Wenn am Freitagabend in Paris mit dem Match zwischen Gastgeber Frankreich und Rumänien die Fußball-EM eröffnet wird (21 Uhr, live in ORFeins, ZDF, SRF zwei), dann hoffen alle inständig, dass es eben nicht ernst wird in den kommenden Wochen.

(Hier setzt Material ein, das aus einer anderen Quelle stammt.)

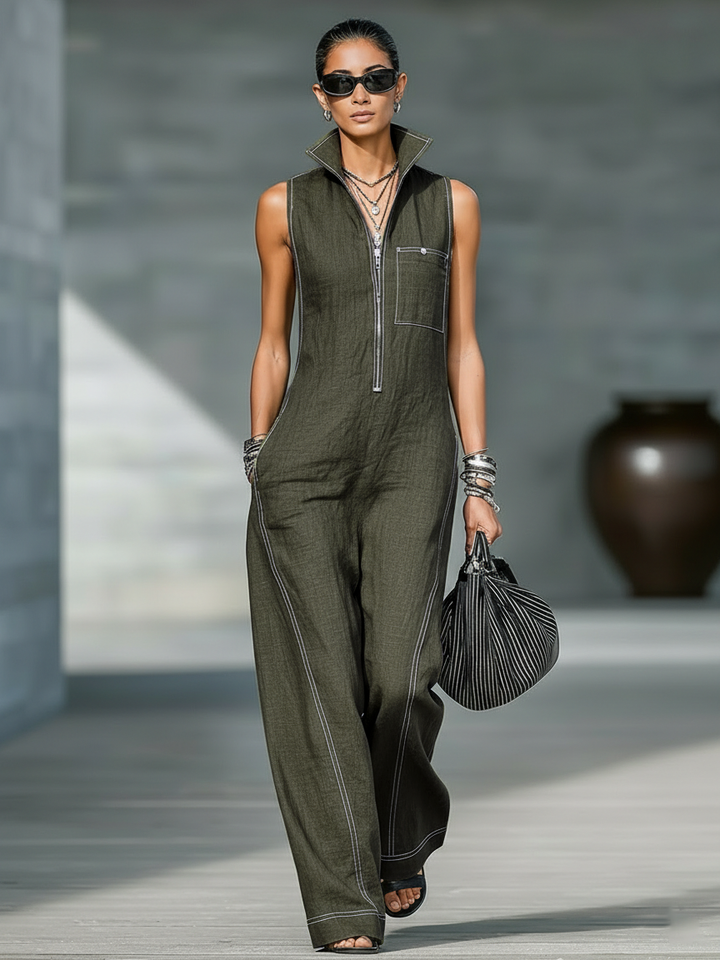 Brianha | Women's Minimalist Sleeveless Jumpsuit with White Trim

Als Frankreich vor 18 Jahren das letzte Mal Schauplatz einer Endrunde war, hatte sich das Land so präsentiert, wie es sich gerne selbst sieht – als Grande Nation. Der WM-Titel von Frankreich hatte großen Symbolcharakter und eine enorme Strahlkraft. In dem französischen Nationalteam mit all den Einwandererkindern, illuster, vielfältig, und multireligiös, fanden sich damals alle Franzosen wieder.

Reizklima

18 Jahre später ist von Euphorie und Aufbruchstimmung wenig zu spüren. Vor der EM präsentiert sich das Land in Aufruhr, in den vergangenen Tagen und Wochen legten Streiks der Müllabfuhr, Bahn, Flutlotsen und Mitarbeiter in den Ölraffinerien das öffentliche Leben still. Und über allem steht seit den Anschlägen im letzten Jahr in Paris die dunkle Wolke der Terrorangst. "Die Lage ist kompliziert. Frankreich steckt in einer wirtschaftlichen, politischen und moralischen Krise", sagt Lilian Thuram, Weltmeister von 1998, in der Süddeutschen Zeitung.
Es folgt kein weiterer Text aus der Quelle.